Exercise materials ::
========
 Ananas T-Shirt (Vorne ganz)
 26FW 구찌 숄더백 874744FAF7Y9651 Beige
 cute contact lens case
========
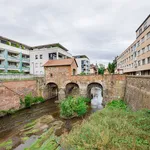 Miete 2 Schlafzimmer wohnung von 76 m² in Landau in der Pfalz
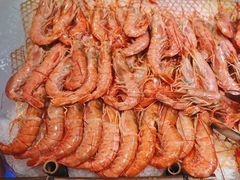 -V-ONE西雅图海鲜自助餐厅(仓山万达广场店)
========
What you will do ::
Beginning at the line above that contains "Ananas T-Shirt (Vorne ganz)", return each line exactly through the line that contains "cute contact lens case", and no others.

Final answer ::
 Ananas T-Shirt (Vorne ganz)
 26FW 구찌 숄더백 874744FAF7Y9651 Beige
 cute contact lens case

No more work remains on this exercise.